The argument of silence, therefore, falls to the ground.
We said the Epistle to the Romans contains matter to show S. Peter was in Rome, and founded the church there.
Let us bear in mind who S. Peter was—the Apostle of the Gentiles. Why was it he did not go at once to the centre of the Gentile world? Could any more potent means have been adopted to spread Christianity? There centred the civilization of the known world; there the Ethiopian met the Scythian, the swarthy men from the banks of the Ganges were face to face with those who first saw light by the waters of the Tagus, and the Numidian horseman and the German warrior strolled through the Forum, admiring the temples of the gods of Rome. Nowhere was there more certainty of success in spreading abroad novelty of any kind than [pg 351] in this Babylon, receiving into its vast enclosure men of all the nations over which it ruled, and sending them forth again filled with wonder at what they saw, and eager to impart to their less fortunate countrymen what they had learned in their sojourn in the great city. Thither, however, S. Paul did not go, and why? Because some one was there already—some one of power and authority; some one whose labors had been crowned with success, and who had built up a church, the faith of which at the time this epistle was written was known throughout the whole world. S. Peter tells us himself he desired to go to the Romans to impart to them something of spiritual grace to strengthen them, that is, to be comforted in them “by that which is mutual—your faith and mine.” The mode of expression of S. Paul in this place, vv. 11 and 12, is worthy of notice. He says to the Romans he longs to see them to strengthen them, and, as if he might be misunderstood, he adds immediately, “that is to say, that I may be comforted together in you.” Evidently he speaks here as one who is careful lest he seem to usurp the place of another, or assume a right of teaching with authority which belonged to another. He would not have the Romans think he considers that the one who rules them is inferior to himself or stands in need of his support. In verse 18 he says: “I do not wish you to be ignorant, brethren, that I have often proposed to come unto you (and I have been prevented hitherto) that I may have some fruit among you as among other peoples.” It is manifest here that S. Paul's duties with the Greeks kept him from going to Rome, and this, as we said before, because, the Romans being already provided with one who could teach them, there was not the pressing need of him that would make him leave those who had none to preach to them.

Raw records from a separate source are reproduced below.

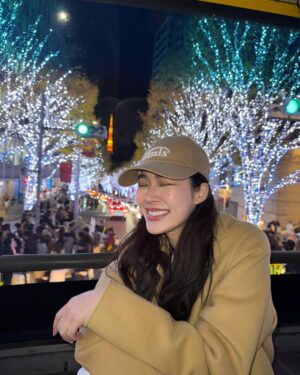LingLing Sirilak Kwong Instagram - Thank you 🤍☁️🍂🎄🥞🍣🍮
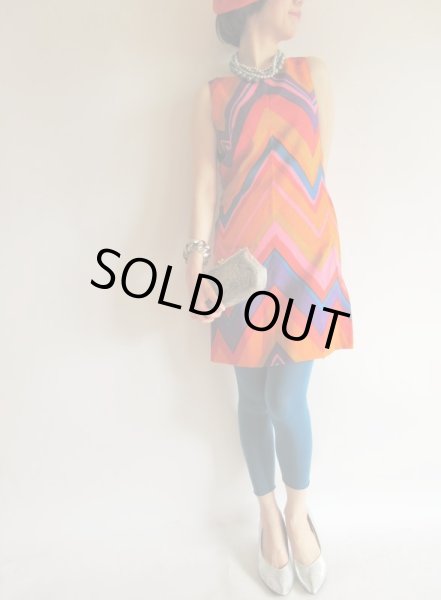 画像2: 60’s風ギザギザ模様のノースリワンピ【送料無料】 (2)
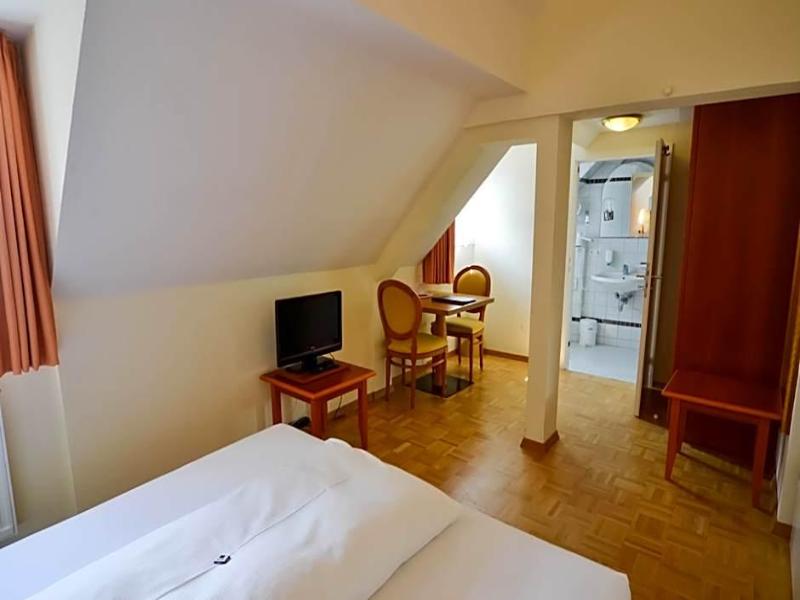 Seehotel Hubertus image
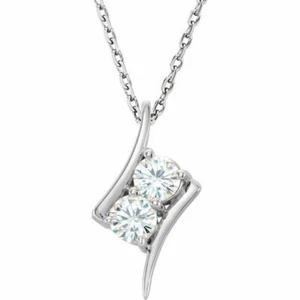Collar de dos piedras Charles & Colvard Moissanite® 18" en oro blanco 14K (4,5 mm) - Imagen 1 de 1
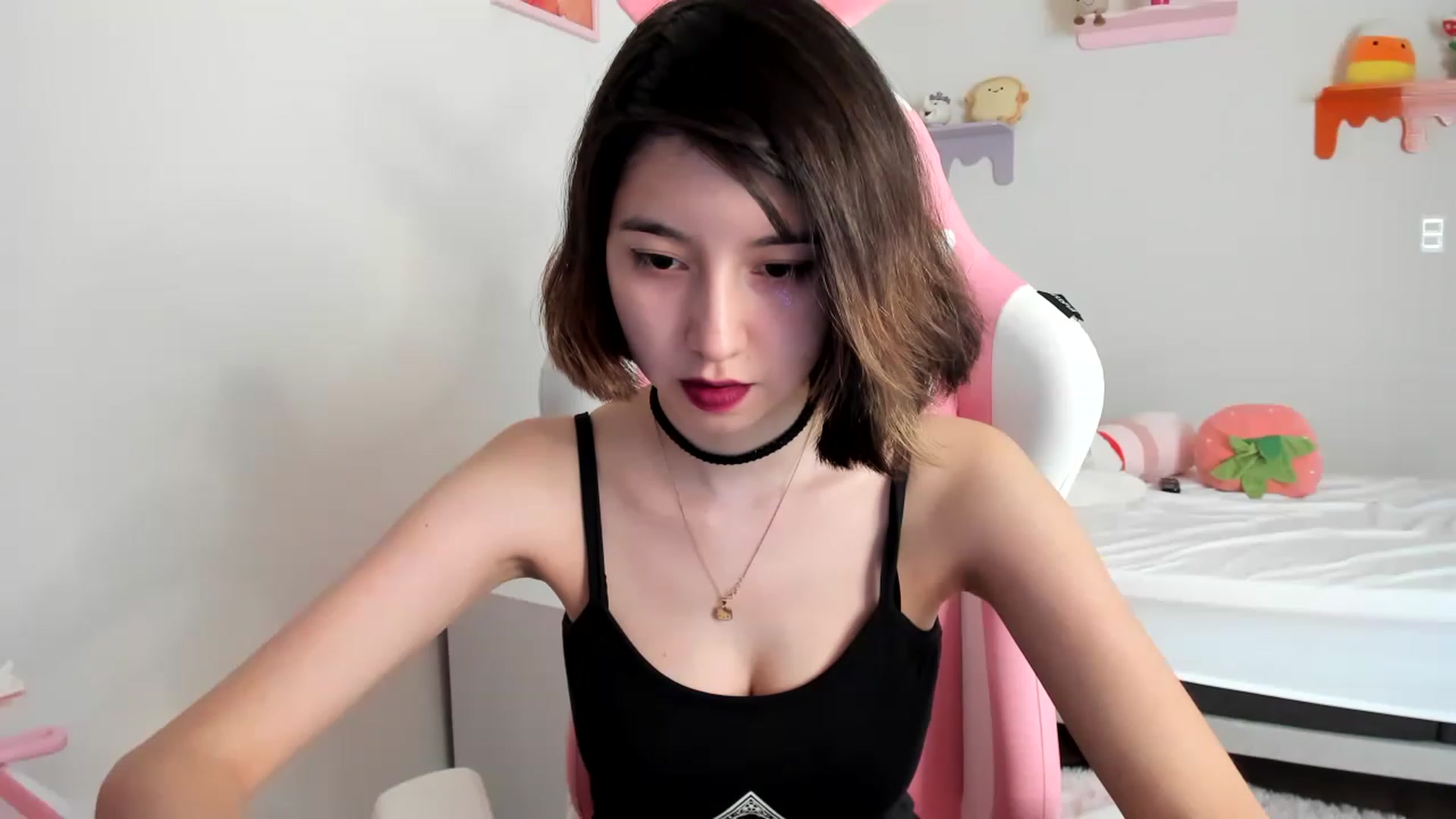 Gallery image thumbnail from Cherrycute666's myfreecams stream on, 05/13/2023, 20:39 image 16 of 20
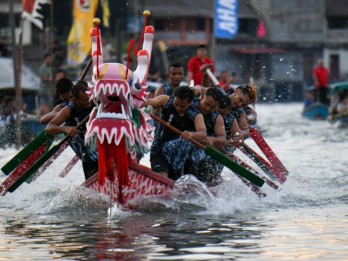 Lomba Perahu Naga Semarakkan Libur Panjang Idul Adha di Tanjung Pinang
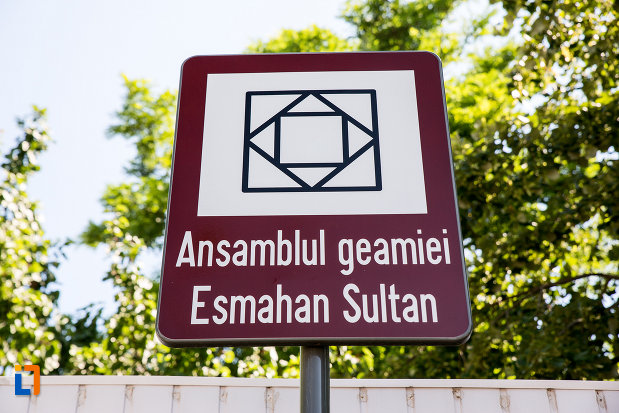 ansamblul-geamiei-esmahan-sultan-din-mangalia-judetul-constanta.jpg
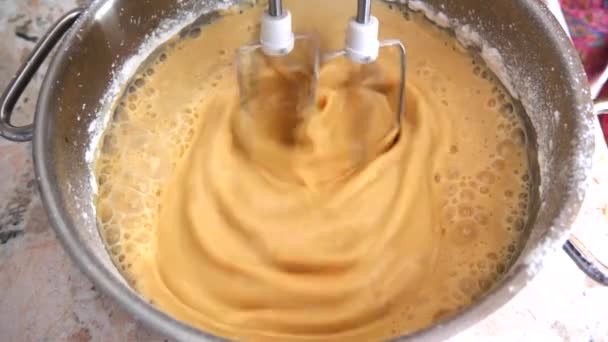 Een Witte Klassieke Mixer Maakt Geel Deeg Voor Koekjes Russische — Stockvideo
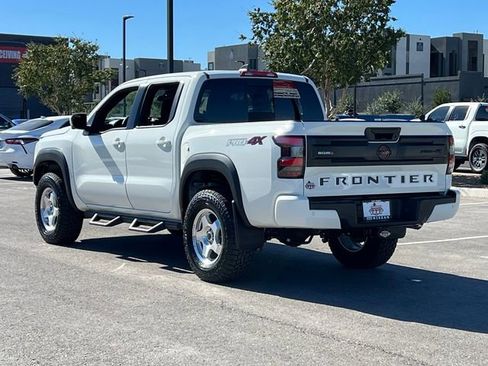 New 2026 Nissan Frontier PRO-4X w/ Pro-4x Convenience Package image 3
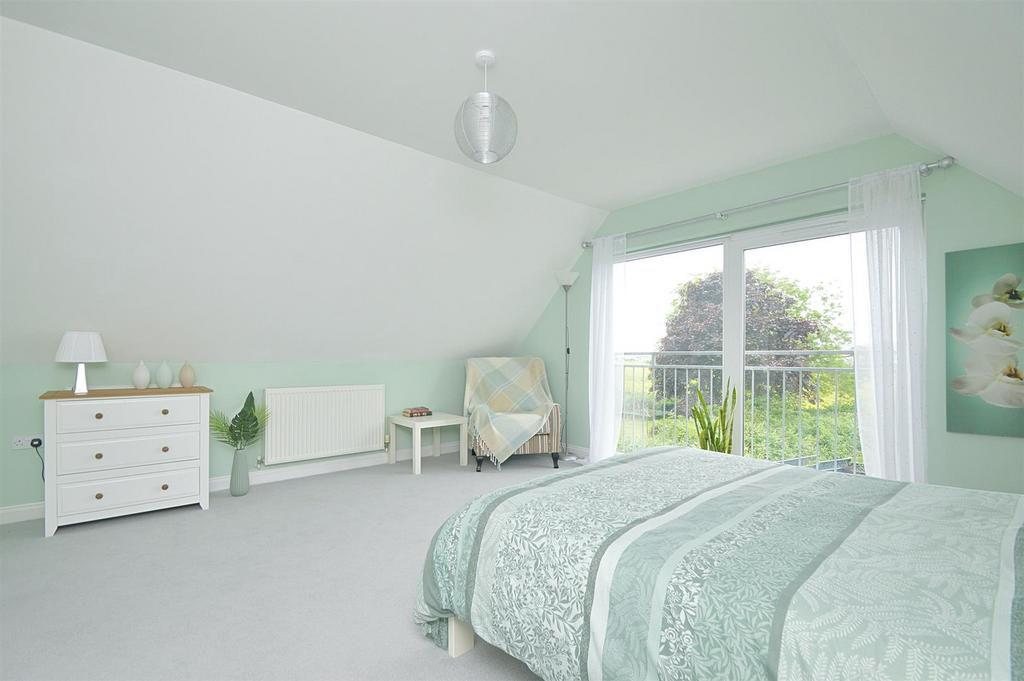 Resized Bed1a.jpg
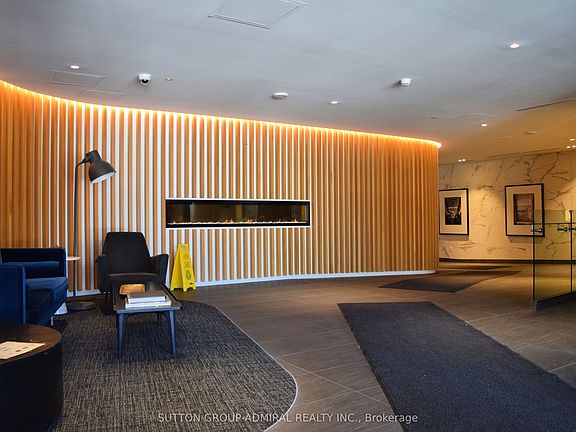 5th image of 160 Flemington Rd #402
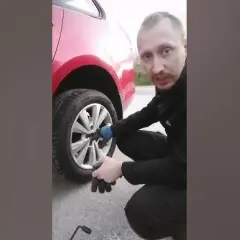 Jak zdjąć zapieczone koło w naczepie? Skuteczny poradnik krok po kroku
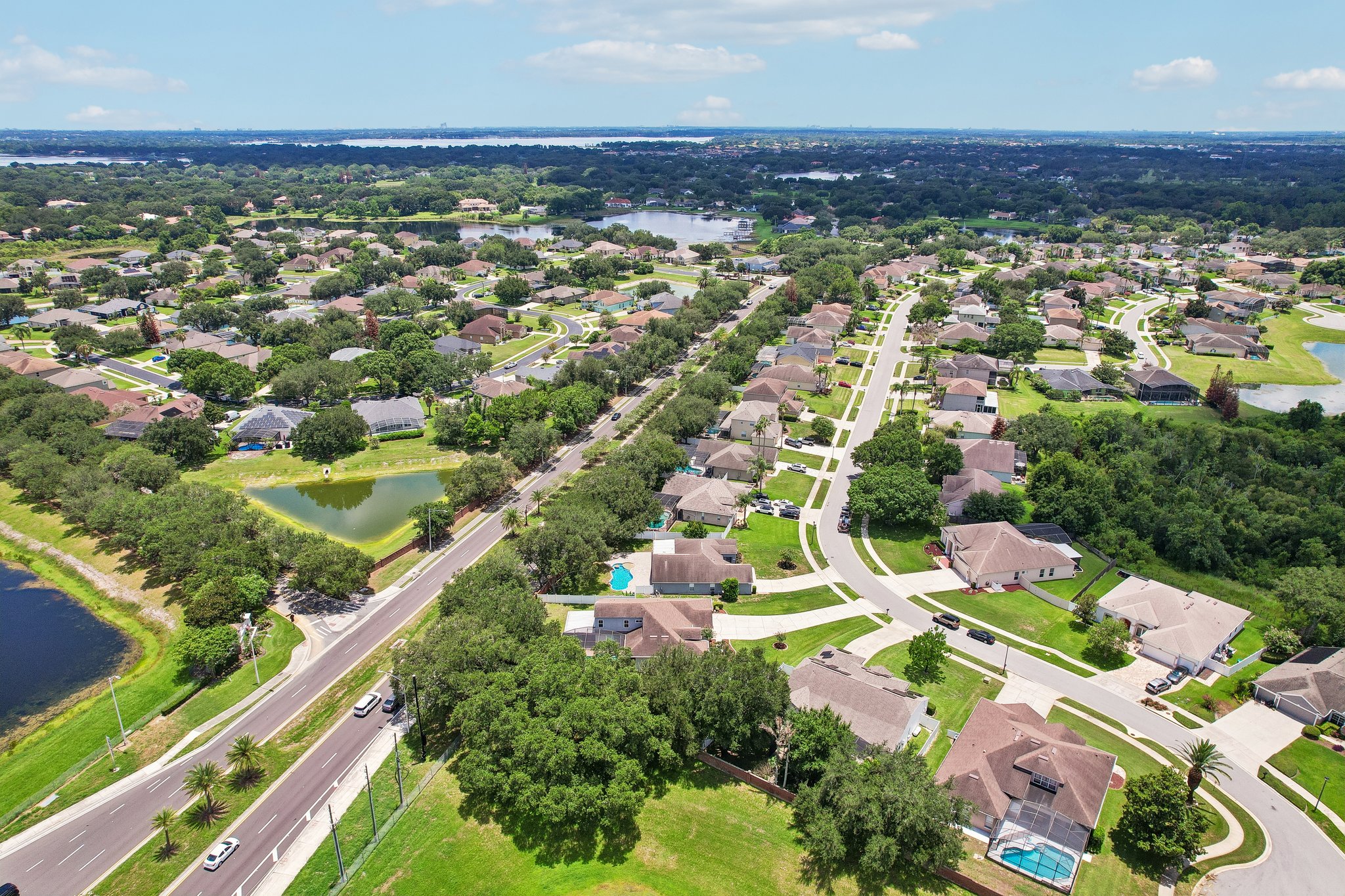 Wintermere Pointe Dr-S0907-061.jpg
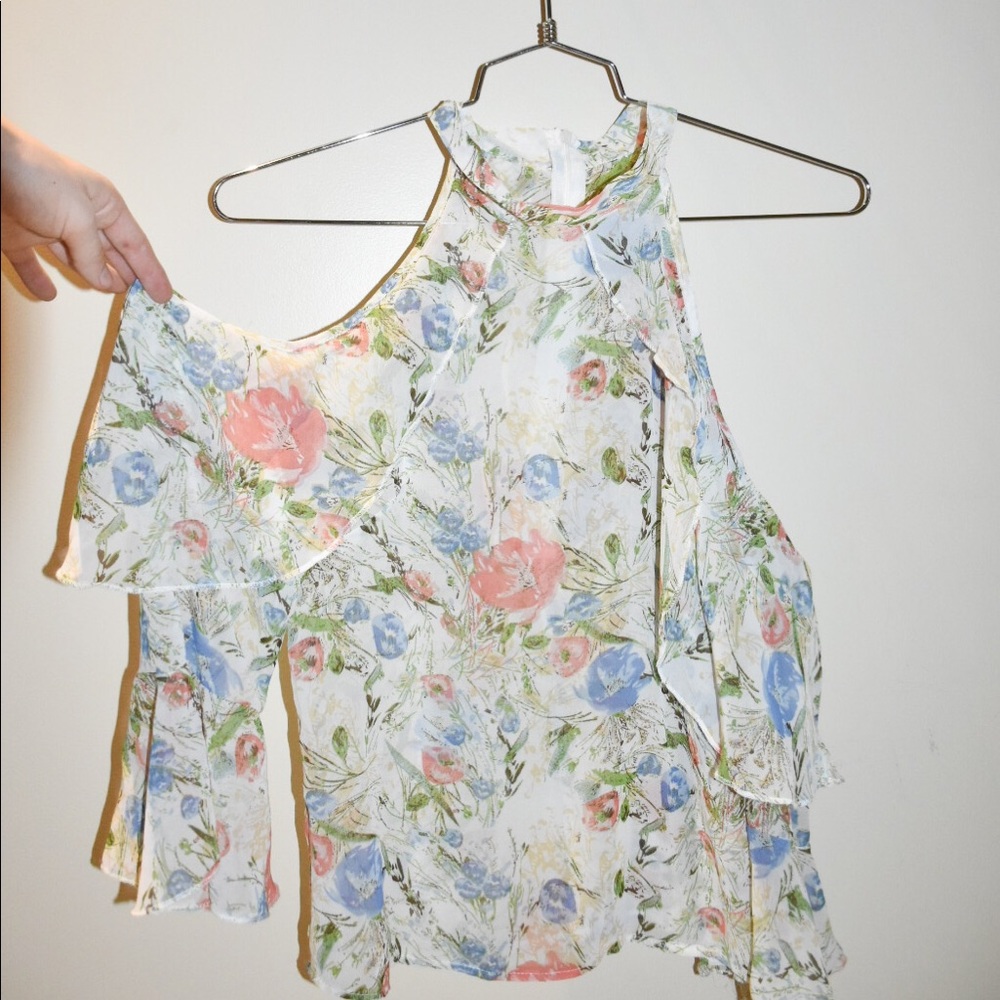 Floral she in blouse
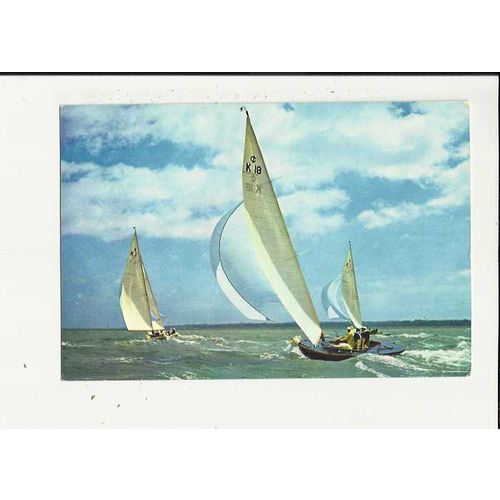 Yachting INTERNATIONAL ONE Postcard by Dixon (SS. 821)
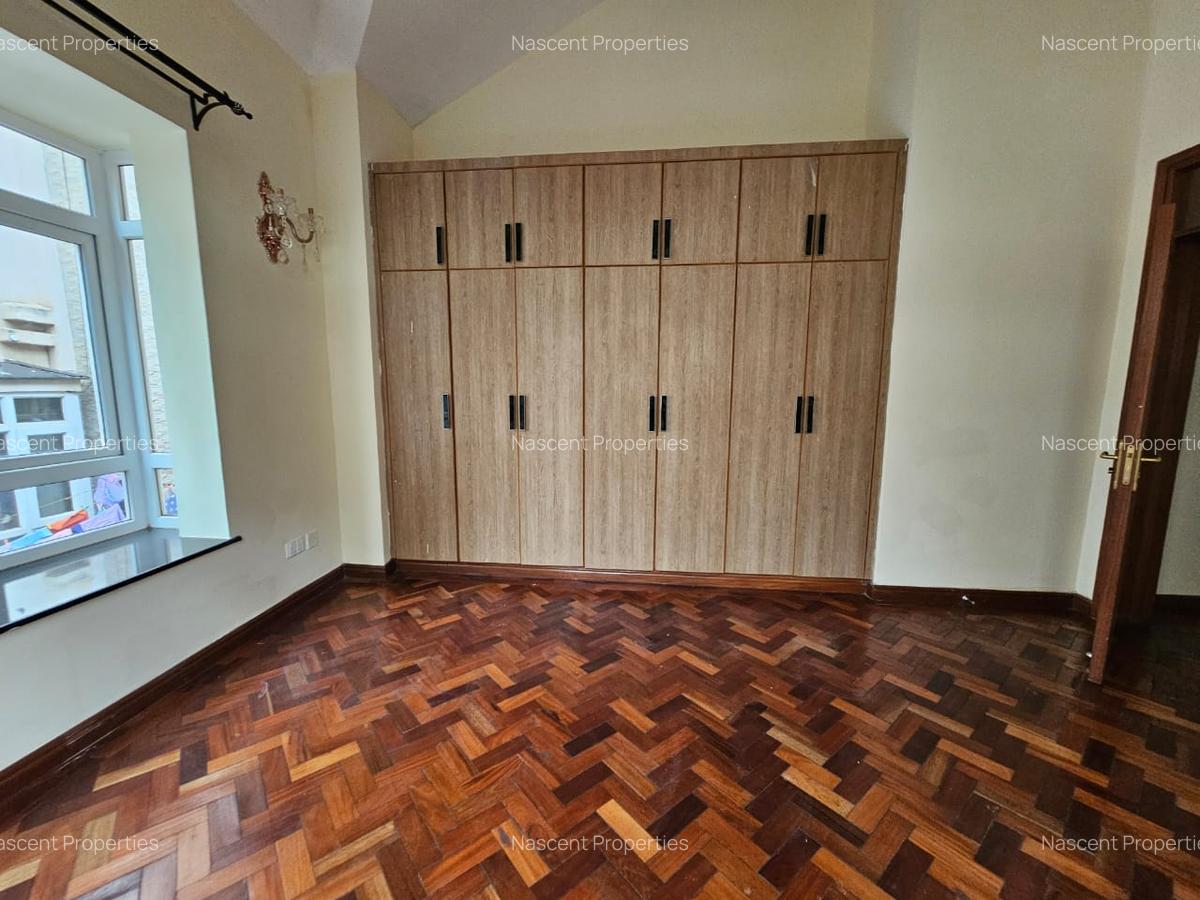 5 Bed Townhouse with En Suite in Lavington - 18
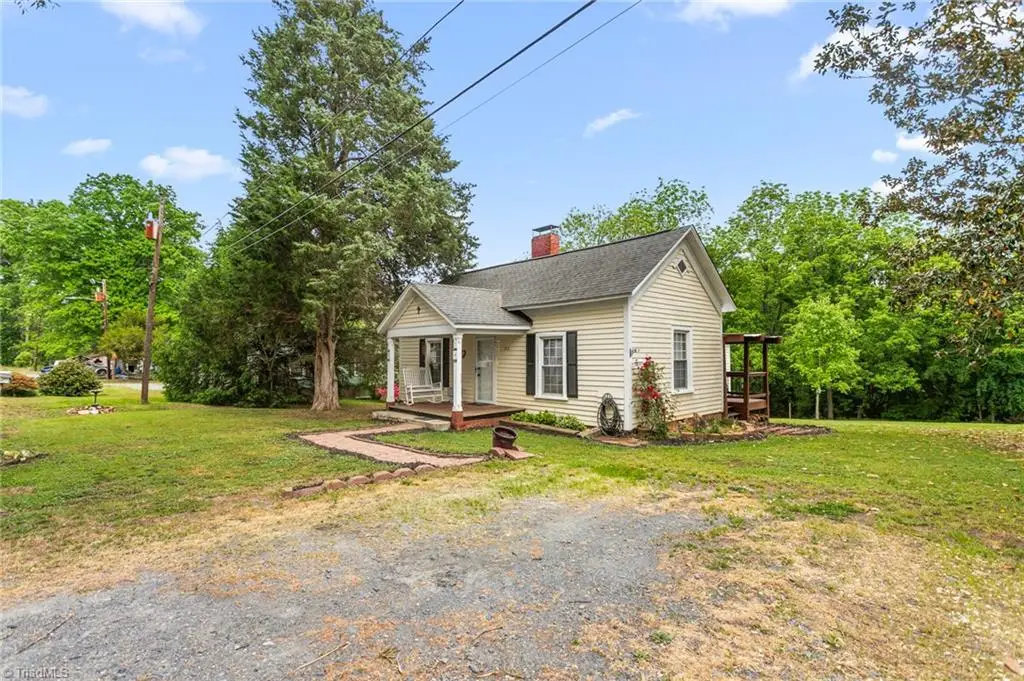 206 Village Avenue, Randleman, NC 27317 - #1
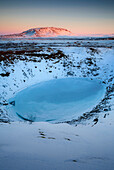 Der Vulkankrater Kerið bei schönem Morgenlicht auf Island, Island.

What we have said with regard to the tone of the first chapter of the Epistle is confirmed by the words of the apostle in chapter xv. 19-26. Here S. Paul says why he had not gone to Rome—because he was preaching to those who had no one to preach to them. Had the Romans had no apostle preaching to them, this would not have been a reason to put forward, because the superiority of an apostle over any other preacher of the word was such as to do away with the necessity of any comparison, and to make all desirous in an eminent degree of seeing and hearing the chosen men the sound of whose voice was to be heard throughout the whole world. S. Paul then continues: “When I shall begin to take my journey into Spain, I hope that as I pass, I shall see you, and be brought on my way thither by you, if first, in part, I shall have enjoyed you.” From this it results, first, that S. Paul had no intention of remaining in Rome; and, secondly, that what he desired was to enjoy, in meeting the Romans, the consolation of seeing their faith, and of sharing with them the spiritual gifts he himself had received, which should serve to make them yet more steadfast in their fidelity to the Gospel, precisely as, to use an example, the preaching of the same doctrine they have heard from their own bishop, by a bishop who is his guest, strengthens the faithful in their religious belief.
The fact, then, stands that a flourishing church existed in Rome at the time S. Paul wrote his Epistle, and this is still further shown by the salutations in the last chapter. Who founded it? History is silent regarding any one but S. Peter. As Alexandria claims S. Peter and S. Mark; as [pg 352] Ephesus, S. John; as innumerable other cities and countries their respective apostles, so does Rome claim S. Peter as its first evangelizer. It would be absurd to say that all these other cities and nations could retain the memory of him who first preached to them the word of God, and Rome—the greatest of all, where so notorious a fact as the preaching of Jesus Christ could not pass by unnoticed, especially when its effects were so luminously conspicuous as S. Paul tells us they were—this Rome should alone be ungratefully forgetful of her best benefactor. The thing is absurd on the face of it. But history is silent about any other founder except S. Peter; therefore we are justified in concluding that S. Peter, and S. Peter alone, was the original founder of the Church of Rome, and that Rome is right in holding her tradition that such was the fact.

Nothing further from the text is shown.